Getting There & Away

Getting Around

Behind the Scenes

Our Writers

Welcome to Australia

Australia is the unexpected: a place where the world’s oldest cultures share vast ochre plains, stylish laneways and unimaginably blue waters with successive waves of new arrivals from across the globe.

An Ancient Land

Australia is a country, but also a land that encompasses many countries. To understand the latter is to walk in the footsteps of its first peoples. Whether you’re tracing outlines of rock art more than 20 thousand years old in Kakadu National Park, floating in the azure waters of Rottnest Island or admiring the iconic sites of Sydney Harbour where the Eora Nation traded for centuries, you are on Indigenous land.

Urban Wonder

Nowhere builds cities quite like Australia: each is a homage to magnificent waterways or beachfronts, while offering different experiences across different geographies. Grab a bicycle from one of Melbourne’s bike-share racks and tour the city’s fashion districts and cafe-lined laneways. Only a city like Darwin can fuse southern-Asian influence with contemporary Aboriginal culture (and leave you with an impressive sunburn to boot). Want a bit of everything? Sydney will take your breath away with its natural beauty and bustling neighbourhoods, while Hobart strikes a chord with its Gothic history and contemporary art.

Adventurous Spirit

You only have to travel a stone’s throw from any of Australia’s capital cities before you’ve landed somewhere truly out of this world.
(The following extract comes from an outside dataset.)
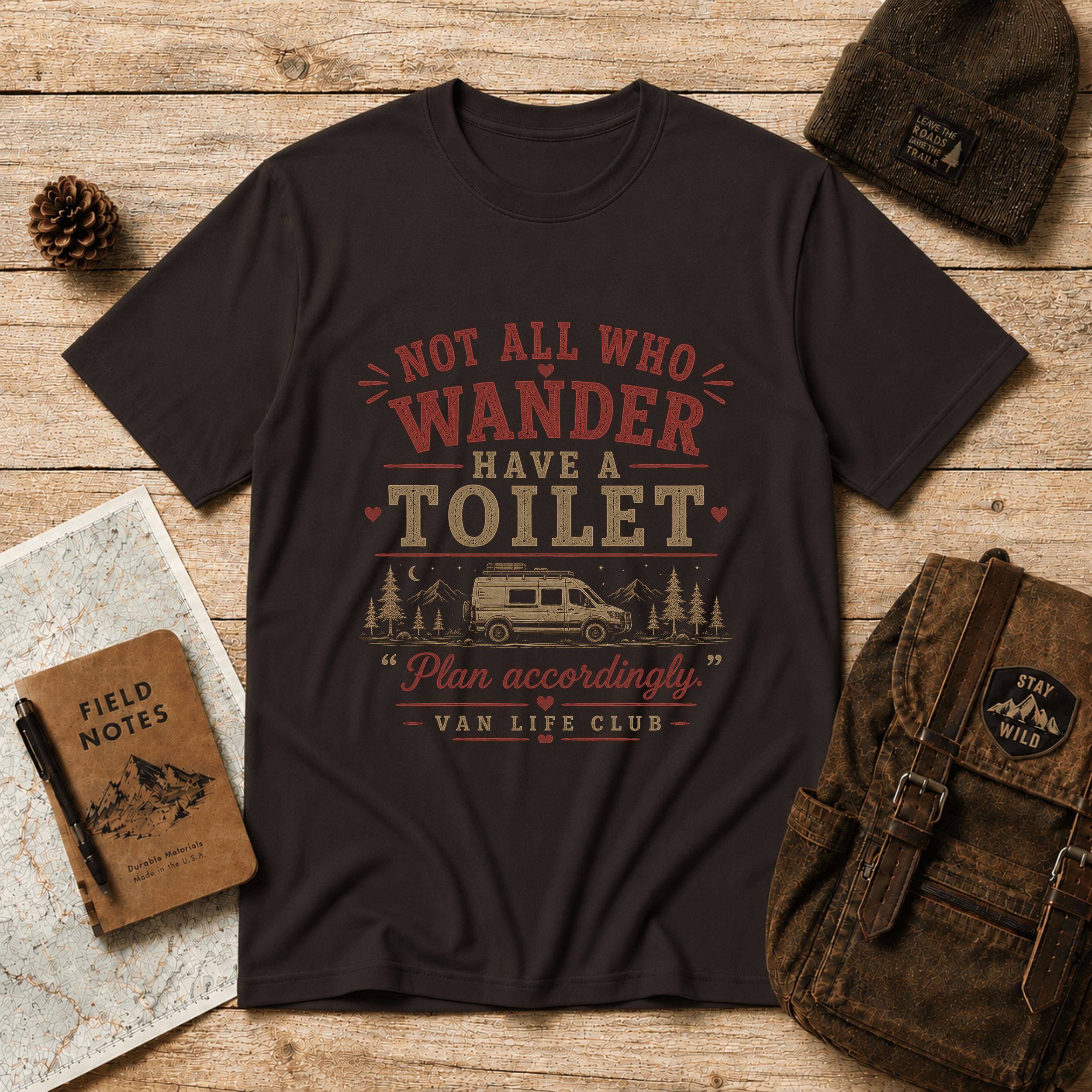 Not all who wander have a toilet T-Shirt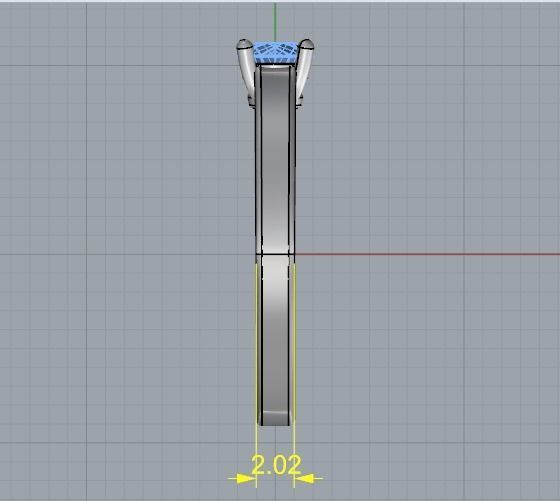 Soliter ring Model 2690 3D print model_7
Not scared of the deep blue? Dive into famous reefs from the Ningaloo to the Great Barrier Reef, or witness majestic southern right whales along the Great Australian Bight. And nothing will steady your sea legs more than getting on a 4WD tour and hitting one of the many dirt roads leading to rocky outcrops, from Uluru to the Kimberley.

A Foodie’s Dream

Decades of migration combined with the re-emergence of native ingredients has brought Australian cuisine on to the radar of the world’s best chefs. You can buy a mouth-watering kangaroo steak complemented by indigenous greens at high-end restaurants, or take a bush tucker tour outside Alice Springs and learn which local plants to taste. No trip to Tasmania would be complete without planning exactly where you’ll slurp freshly shucked oysters, and don’t leave South Australia without a Barossa Valley taste tour. And a word for the brave: Darwinians love their spice!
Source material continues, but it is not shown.